The program encompassed music by Buxtehude, Telemann, Corrette, Bach, and Pergolesi, whose lifetimes stretched from c.1627 to 1795 – a bit beyond the Baroque, to pipe a variation on the ensemble’s name. As the matinee concert unfolded, the crowd – the chapel was virtually full – gradually met the artists. Violinist Andrew Bonner, gambist Robbie Link, and harpsichordist (and B&B AD) Beverly Biggs brought a sonata by Buxtehude to vibrant life – no getting re-acclimated to the “old” sound was needed here. We don’t hear much of his music, except perhaps in church – the loss is ours. Biggs and Link are widely-known and much admired artists in our milieu. Bonner will be – and is still remembered by many as yet another superior product of Dorothy Kitchen’s amazing Duke String School. The music sang and impressed.

So, too, did a little five-movement suite by Telemann, played by Bonner and violinist Leah Peroutka. This was the Gulliver Suite that prompted the program’s name. All the little (and big) Gulliverians were represented – Lilliputians, Brobdingnagians, Laputans, Houyhnhnms, and – last hardly least – Yahoos. Who’d have thought that Telemann could be so inventive – or that two gut-stringed fiddles could be used to conjure up so many diverse programmatic sounds?

Corrette’s Delights of Solitude is a set of dark and richly-hued multi-movement pieces for cello and basso continuo. The second of these six works featured Barbara Blaker Krumdieck with Link and Biggs in music that is borderline early classical although its form (Allegro, 2 Arias, and Allegro) reflects the older roots of the composer.

After a brief pause, violist Joey O’Donnell joined Bonner and the cellist and harpsichordist for Bach’s Trio Sonata in C, S.529, a score penned for organ that lent itself admirably to performance as a chamber work. The violist was fabulous – as impressive, in his own way, as the violist of the Jerusalem Quartet, heard the night before – and the distinctive timbres of the four instruments allowed the music to emerge with a level of clarity probably impossible to discern in a straight organ rendition.

And then came the grand finale, with all six of these outstanding instrumental artists forming the backdrop for soprano Penelope Jensen in Pergolesi’s Orfeo cantata.
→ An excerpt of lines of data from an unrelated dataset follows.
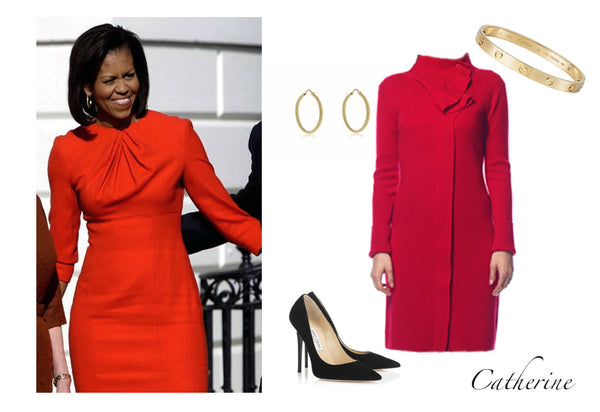 Michelle Obama in classic red dress with added texture for a fun, feminine touch. Featuring the Jia Collection Catherine convertible dress/cardigan.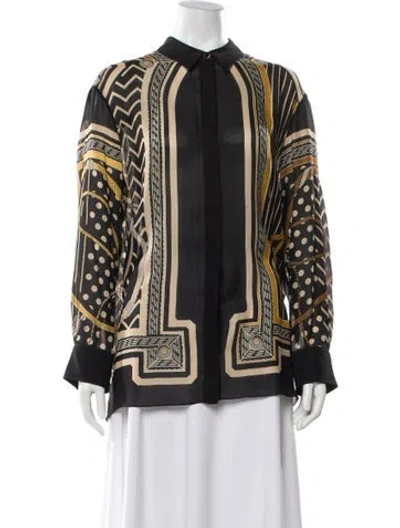 Pre-owned Hermes Silk Printed Blouse In Black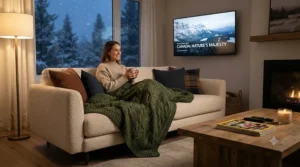 Chunky knit couch blanket for watching TV in a modern Canadian home.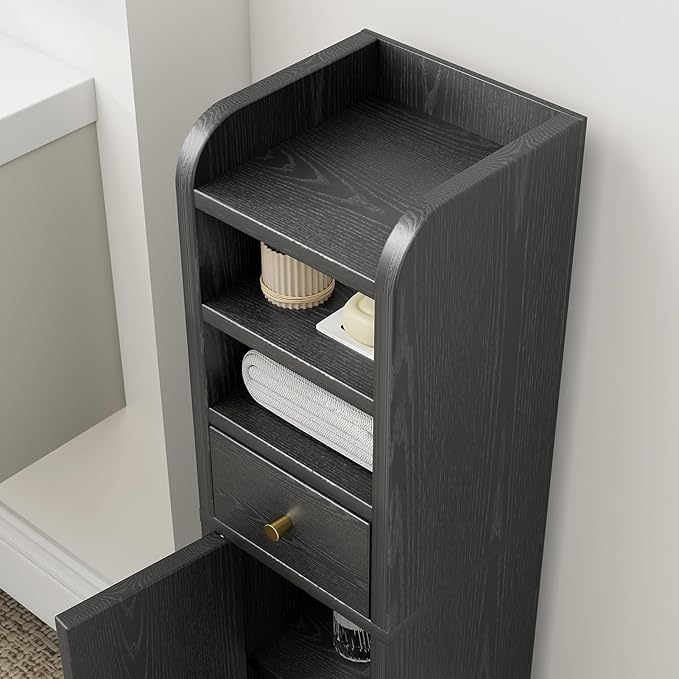 Slim Bathroom Storage Cabinet, Corner Bathroom Cabinet, Narrow Toilet Paper Storage, Small Bathroom Storage, Bathroom Floor Cabinet for Small Spaces, Towel Cabinet for Bathroom, Black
Early music is full of the famous tale of Orfeo and his beloved Eurydice, treated in two of the earliest surviving operas – by Peri and Monteverdi – and of course it’s the subject of Gluck’s masterwork, which is just about the earliest opera still in most companies’ repertories. Everyone knows the story, surely. Jensen sang the tale – two recitatives, two arias – with amazing artistic sensitivity, weaving vocal strand above and sometimes through the instrumental fabric with distinction and concurrently relating the tale with drama akin to that in a high-strung TV show – but without all the noise. It made for a grand conclusion of this last-of-season program. We’ll await an announcement of next year’s goodies with keen anticipation.

Meanwhile, this B&B program enchanted a substantial crowd with music that pressed on the barrier between “standard rep” and older fare while providing many, many delights. Bravo for that!